3.4 Domain-invariant classifier for implicit domain alignment

Previous UniDA methods commonly reduce the domain shift by feature alignment for shared classes across domains, while a mis-identification of target unknowns further incurs mis-alignment across domains. In UACP, an implicit domain alignment is conducted directly in the output space.
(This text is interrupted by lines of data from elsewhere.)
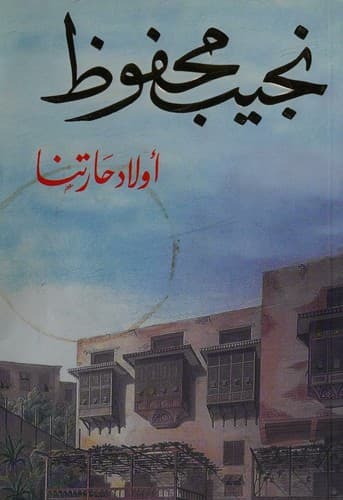 غلاف كتاب «أولاد حارتنا» لنجيب محفوظ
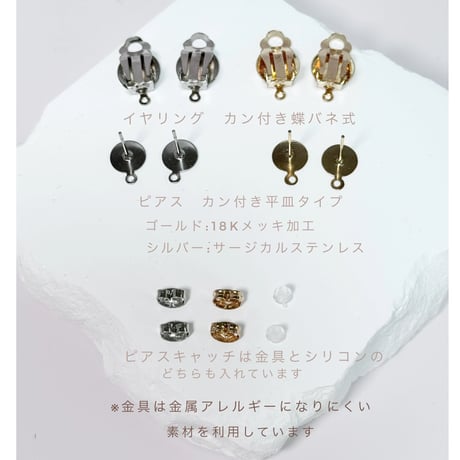 幾何学模様ラタン×タッセル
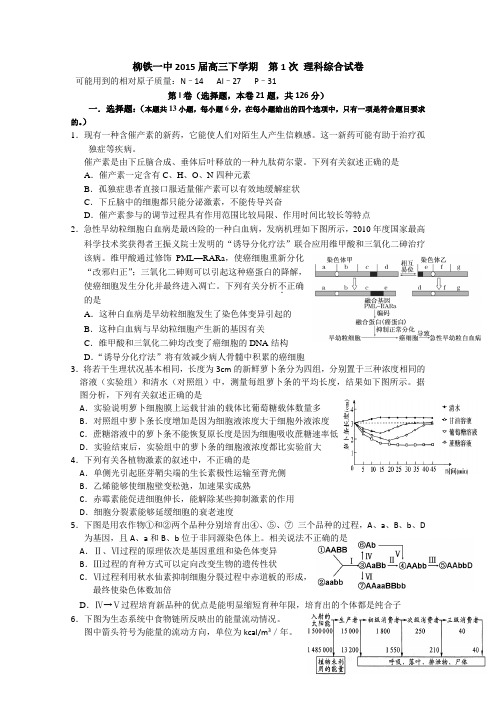 广西柳州铁一中2015届高三下学期第1次测试理综试题 Word版含答案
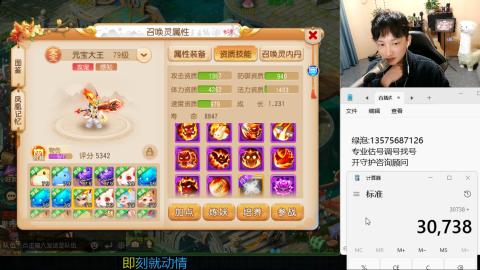 专业估号调号找号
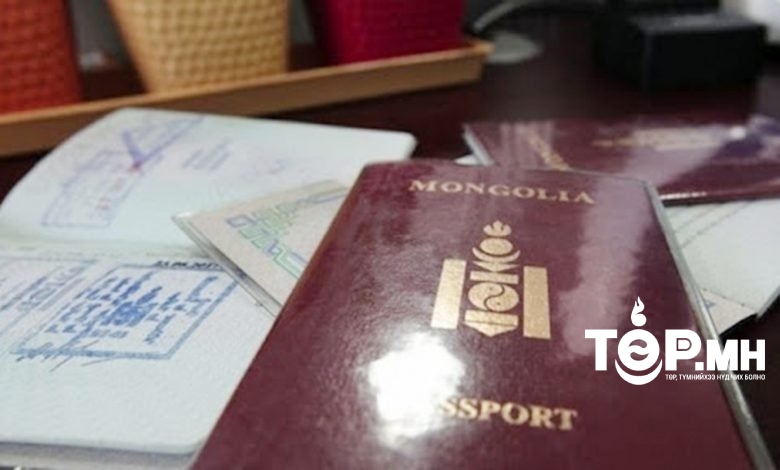 Монгол Улсад жуулчлах гадаадын 34 улсын иргэдийг визийн шаардлагаас чөлөөллөө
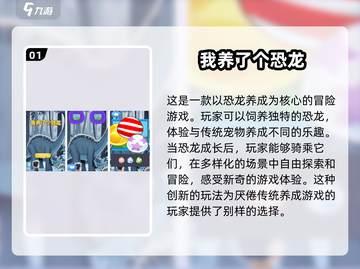2025最受欢迎宠物游戏🔥下载推荐🐾截图2
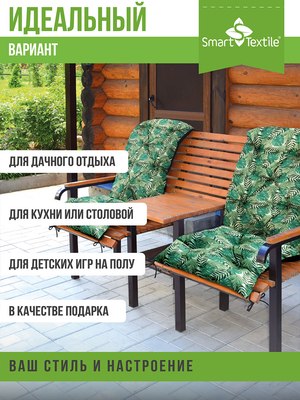 Подушка для садовой мебели Smart Textile 130x50 / ST6087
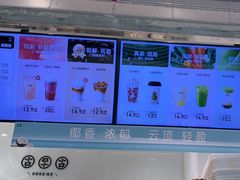 -古茗(东鼓道店)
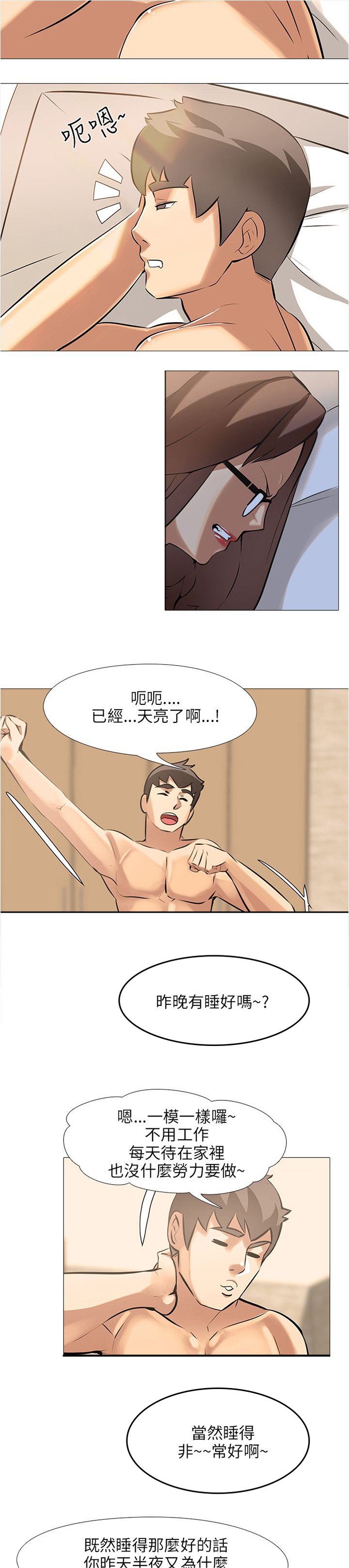 第38章：轰炸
Specifically, a domain-invariant classifier is trained such that samples across domains share the same decision boundary, though exhibit different feature distributions.

First, the source supervision is adopted for both feature extractor and classifier learning in Sect. 3.2. Due to the lack of target ground-truth, we further propose to leverage the self-supervised knowledge from target data. Our idea is that nearby samples should be close to each other in feature space, so as to generate well-clustered features for target data. A memory bank is utilized as $V=\{v_1,v_2,\ldots , v_{N_t}\}$, where $v_i$ is the stored feature vector for $x_i$, and it is updated with the mini-batch features in each iteration. Then the similarity between feature $f_i=F(x_i)$ and stored feature $v_j$ with $i\ne {j}$ is calculated as,

$$\begin{aligned} p_{i,j}=\frac{exp(v_j^\top f_i)/\tau }{\sum _{r=1,r\ne {i}}^{N_t}exp(v_r^\top f_i)/\tau } \end{aligned}$$

(6)

where temperature $\tau$ determines the level of concentration (Hinton et al., 2015). $p_{i,j}$ actually describes the probability that feature $f_i$ is a neighbor of $v_j$. To enforce samples be close to its nearby neighbors, a self-supervised feature clustering loss is adopted for target samples as,

$$\begin{aligned} {\mathcal {L}}_{SFC}=-{\mathbb {E}}_{(x_i^t)\in {\mathcal {D}}_t}\sum _{j=1,j\ne {i}}^{N_t}p_{i,j}log(p_{i,j}) \end{aligned}$$

(7)

Minimizing the above loss actually minimizes the entropy of each target sample’s similarity distribution to other target samples, thus helps gather similar target samples together to form compact clusters, and separate target samples from different clusters in the feature space.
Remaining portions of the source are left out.